Le cavalier s’était arrêté à une cinquantaine de pas des bûcherons. — Mes amis, leur cria-t-il, voulez-vous permettre à un chasseur égaré de partager votre bivac pour cette nuit ?

— Oui, répliqua sèchement Toby Harving, un peu honteux d’avoir eu peur d’un cavalier solitaire perdu dans la forêt.

— En vérité, continua le chasseur en mettant pied à terre, je rends grâces à Dieu de vous avoir rencontrés. Mon cheval n’en peut plus, et je suis mort de faim.

— Vous n’avez donc rien tué ? demanda le maître flotteur avec un sourire ironique… Vous avez pourtant là un beau fusil à deux coups !

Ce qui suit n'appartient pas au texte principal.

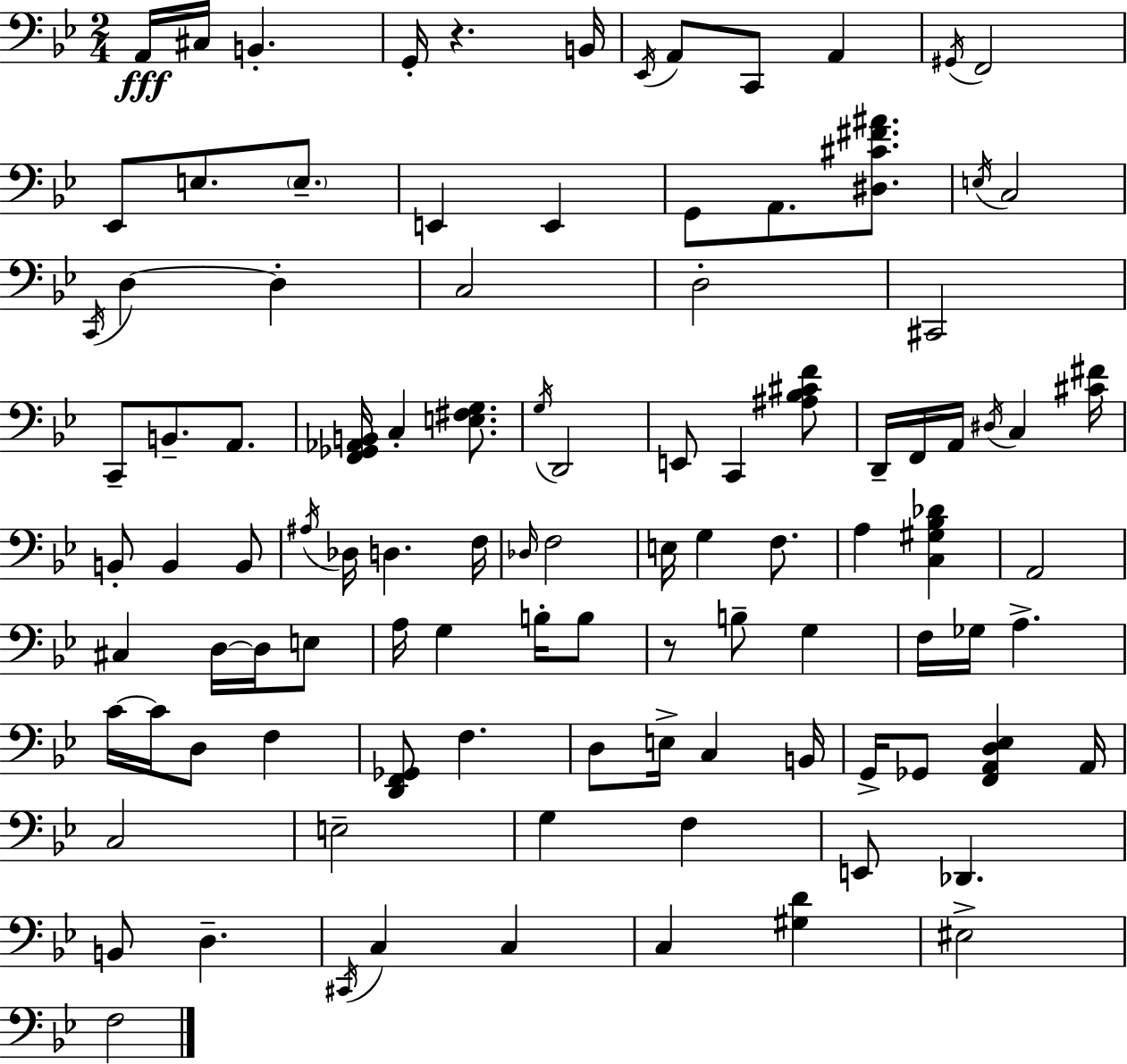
{
  \clef bass
  \numericTimeSignature
  \time 2/4
  \key bes \major
  a,16\fff cis16 b,4.-. | g,16-. r4. b,16 | \acciaccatura { ees,16 } a,8 c,8 a,4 | \acciaccatura { gis,16 } f,2 | \break ees,8 e8. \parenthesize e8.-- | e,4 e,4 | g,8 a,8. <dis cis' fis' ais'>8. | \acciaccatura { e16 } c2 | \break \acciaccatura { c,16 } d4~~ | d4-. c2 | d2-. | cis,2 | \break c,8-- b,8.-- | a,8. <f, ges, aes, b,>16 c4-. | <e fis g>8. \acciaccatura { g16 } d,2 | e,8 c,4 | \break <ais bes cis' f'>8 d,16-- f,16 a,16 | \acciaccatura { dis16 } c4 <cis' fis'>16 b,8-. | b,4 b,8 \acciaccatura { ais16 } des16 | d4. f16 \grace { des16 } | \break f2 | e16 g4 f8. | a4 <c gis bes des'>4 | a,2 | \break cis4 d16~~ d16 e8 | a16 g4 b16-. b8 | r8 b8-- g4 | f16 ges16 a4.-> | \break c'16~~ c'16 d8 f4 | <d, f, ges,>8 f4. | d8 e16-> c4 b,16 | g,16-> ges,8 <f, a, d ees>4 a,16 | \break c2 | e2-- | g4 f4 | e,8 des,4. | \break b,8 d4.-- | \acciaccatura { cis,16 } c4 c4 | c4 <gis d'>4 | eis2-> | \break f2 | \bar "|."
}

— Oh ! la chasse n’a pas été trop mauvaise ; voyez plutôt.

Parlant ainsi, le chasseur détacha de la selle de son cheval une paire de grosses gelinottes et une demi-douzaine de pigeons sauvages ; puis il ajouta : — Prenez ce gibier, s’il peut vous être agréable, mes amis, et donnez-moi tout de suite quelque chose à manger…

— Du porc et du biscuit, voilà tout ce que nous avons, dit le maître flotteur.

— Cela suffit au voyageur affamé, répliqua le chasseur. Je suis parti depuis hier matin des Grand Falls ; il y a tout au plus quarante ou cinquante milles d’ici en ligne droite, n’est-ce pas ? La nuit dernière, après avoir dormi sous la cabane d’un pêcheur du lac Témisquata, je me remettais en route, lorsque j’ai levé un vieux caribou qui m’a entraîné plus loin que je ne voulais ; en galopant dans les halliers, mon cheval s’est abattu, j’ai roulé à terre, et j’ai perdu mon briquet. Vainement j’ai tâché d’allumer du feu avec des herbes que je croyais sèches et que l’humidité avait pénétrées ; l’amorce de mon fusil n’a jamais pu leur faire prendre feu, et voilà comment il m’a été impossible de cuire mon gibier.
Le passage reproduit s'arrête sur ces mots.